L’arte de catà i fic (e de catà 'l murùs)
Bella e simpatica l’iniziativa dei volontari di Castenedolo che da qualche tempo si sono messi in pista per ripulire le aree del paese trasformate in discariche abusive. Bella perché è un gesto concreto rivolto con amore al proprio territorio. Simpatica perché come slogan è stato scelto un brescianissimo modo di dire - catà sö - che significa, per l’appunto, raccogliere.

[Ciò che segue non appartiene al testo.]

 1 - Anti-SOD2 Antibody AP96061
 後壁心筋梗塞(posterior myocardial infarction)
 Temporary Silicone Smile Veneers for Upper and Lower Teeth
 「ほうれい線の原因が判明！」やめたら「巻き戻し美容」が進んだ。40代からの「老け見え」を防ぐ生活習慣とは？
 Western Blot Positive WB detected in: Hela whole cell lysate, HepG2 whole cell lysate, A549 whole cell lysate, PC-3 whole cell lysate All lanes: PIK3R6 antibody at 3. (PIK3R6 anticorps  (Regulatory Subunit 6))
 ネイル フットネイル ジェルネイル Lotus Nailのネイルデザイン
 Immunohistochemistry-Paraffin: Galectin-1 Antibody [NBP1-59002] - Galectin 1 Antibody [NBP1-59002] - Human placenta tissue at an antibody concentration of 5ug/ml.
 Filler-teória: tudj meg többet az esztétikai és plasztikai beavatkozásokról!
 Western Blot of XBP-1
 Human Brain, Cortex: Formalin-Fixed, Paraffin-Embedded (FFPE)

Il verbo dialettale catà è legato a quello latino captàre, che si traduce con cercar di prendere. E che in italiano risuona ancora in termini come accattone o raccattapalle. Un lontano discendente lo troviamo addirittura nell’inglese to catch, catturare. Nel nostro dialetto, in realtà, il senso di un verbo come catà può assumere venature diverse a seconda della preposizione (o avverbio) a cui è legato.
E così catà sö rende l’idea di raccogliere per terra quel che c’è, il bello e il brutto, senza star troppo a sottilizzare. Viene da qui il modo di dire càta sö e pórta a casa, il cui senso vien tradotto dal Pasquini con ben ti sta. Però il bresciano usa anche un catà zó che è un raccogliere dall’alto, specie da una pianta (càta zó i pèrsech). Lungo questo... ramo si arriva fino a termini composti come catafìc (lunga canna usata per raccogliere i fichi alla cui estremità sta una lattina dal bordo tagliente).

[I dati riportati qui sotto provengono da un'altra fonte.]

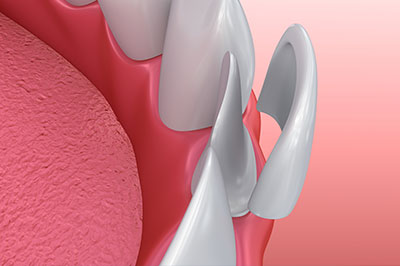 Katherine Hall DDS | Digital Radiography, Veneers and Snoring Appliances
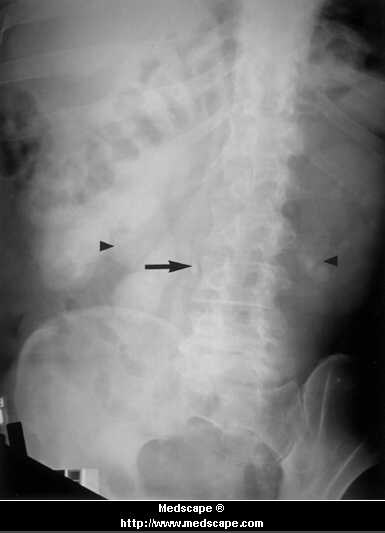 A Tortuous Ureter and Urolithiasis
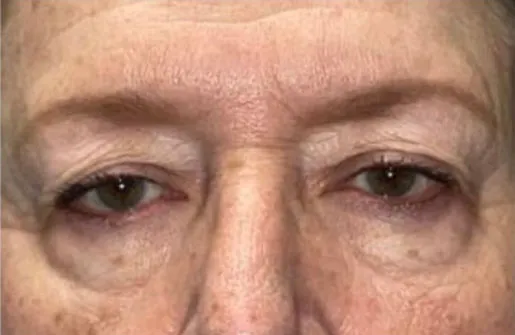 Upper Lid Blepharoplasty (upper eyelid lift)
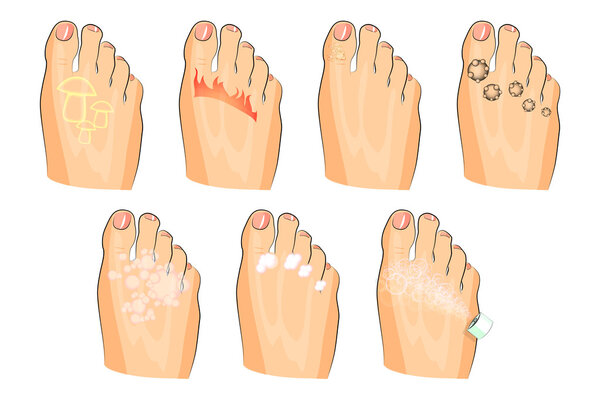 различные травмы ног. грибок, жжение, бородавки, пот. а также мыло, лосьон и спрей
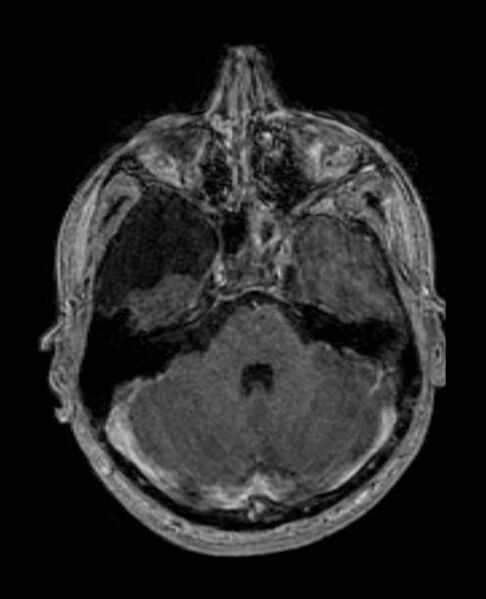File:Arachnoid cyst- extremely large (Radiopaedia 68741-78451 Axial T1 C+ 24).jpg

Altro senso ancora assume l’espressione catà föra, cioè scegliere all’interno di un mazzetto di possibilità (càta föra chèl che ta ocòr...). Quando è solo, senza preposizioni o avverbi, catà è semplicemente trovare (Marìa, s-cèta bèla, g’hét catàt el murùs?). E allora, quando due innamorati van d’accordo, si può dire di loro che i s’è pròpe catàcc.